Wilson's Baptists. The people at Wilson's, however, never abandoned their Baptist tenets, which they brought with them from the neighboring islands as they settled around Head Harbor. Those along the North Road rowed over to the larger settlement for baptisms and Sunday services, which were first held in the schoolhouse, for the church itself was not built until some thirty-eight years ago.
North Road Baptists. At last the North Road residents had their own church, to which they were devotedly attached. The land for it cost forty dollars in gold paid down to Captain Robinson, as the proceeds of the efforts of sewing-circles and ladies' teas. The great Saxby gale of some twenty-five years ago blew it down. Two years after it was rebuilt for $447, and finally finished ten years ago. The devoted Episcopalians at Welch Pool have made no greater sacrifices for their church than did the little band of zealous North Road Baptists. Though their regular ministers have been few, their irregular preaching and their prayer meetings have been constant.
Still it was but natural that, as the boys of the Baptist islands married the girls of St. George and other New Brunswick towns where the Church of England was the prescribed form of faith, Episcopalianism spread itself, not only among the islands in Passamaquoddy Bay, but at Campobello.

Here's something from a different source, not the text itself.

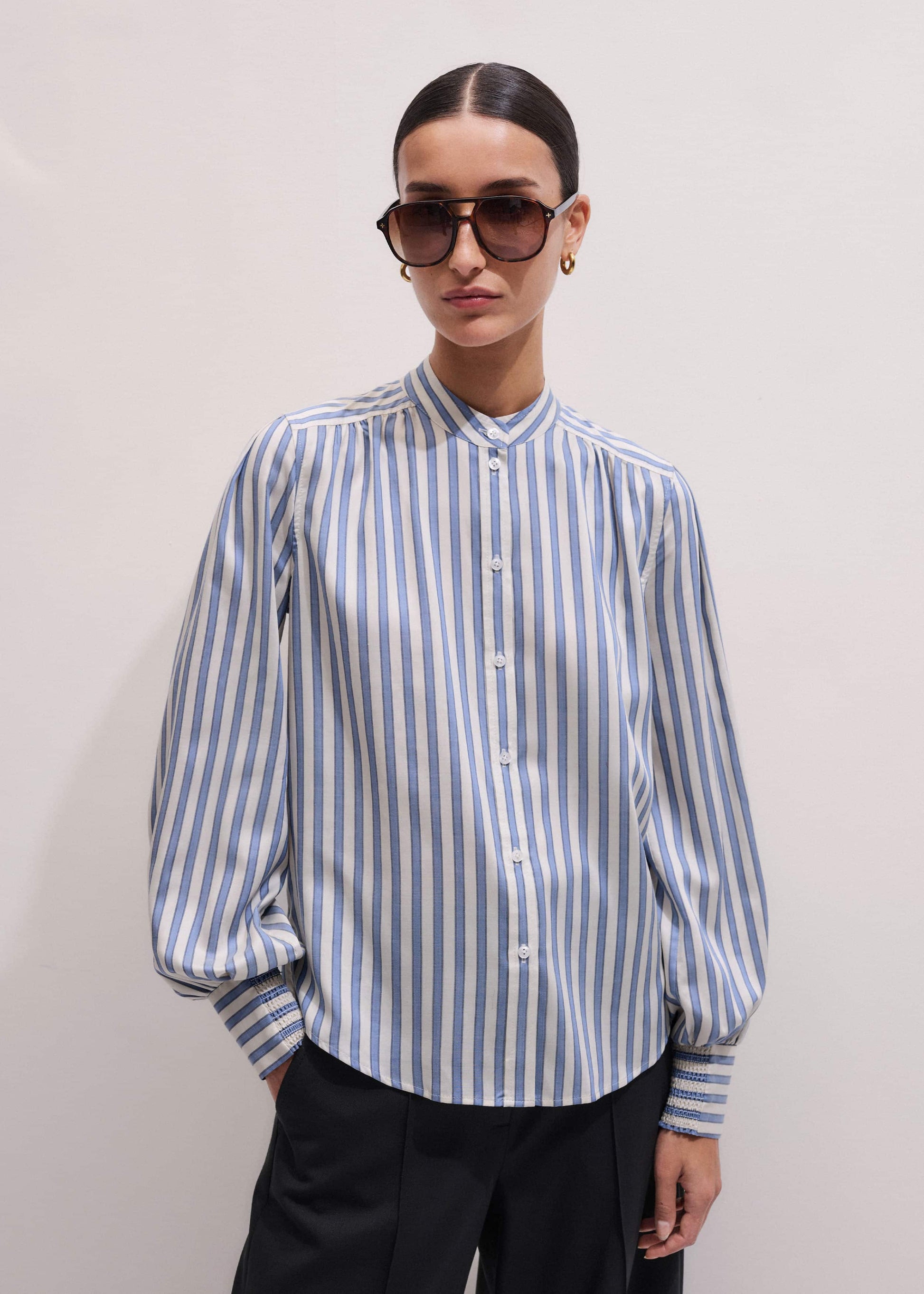 ME and EM Clothing Blue Soft Stripe Shirt + Neck Tie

Church Corporation. Soon after Admiral Owen had become resident magistrate and commissioner for solemnizing marriages, to which the witnesses as well as the bridal couple signed their names, he signalized his authority by giving for three years certain wild lands as commons for cattle to those who should belong to the "Church Episcopal Congregation," when formed. The lease was duly signed by himself and by John Farmer, in trust for the people. Such privilege, even if actuated by worldly motives, proved of sacred benefit, for measures were immediately taken to form a Church Association and corporation, with the proviso that such persons as had decided objections to profess themselves members of the church could by no means become a part of such corporation. The Admiral's cattle ranged free in the commons, but on all other licensed and marked cattle were paid the fees which accrued to the benefit of religion, and large must have been the income thereof.

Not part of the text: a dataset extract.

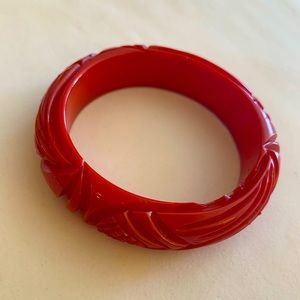 Vintage Bakelite Ruby Red Bangle Bracelet. Tested.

The regularly ordained preacher was sent from St. Andrews but four or five times a year. On all other appointed days the Admiral read his beloved service, even till 1842, when a resident missionary came to live on the Island. Thirteen years after, in 1855, the church and burial ground were consecrated by the bishop of the diocese. Most solemn and tender must have been those first rites, when confirmation was administered to three persons, and holy communion to forty others, in that little building surrounded by the dark balsamic firs, looking with its cross over the waters toward the New England steeples.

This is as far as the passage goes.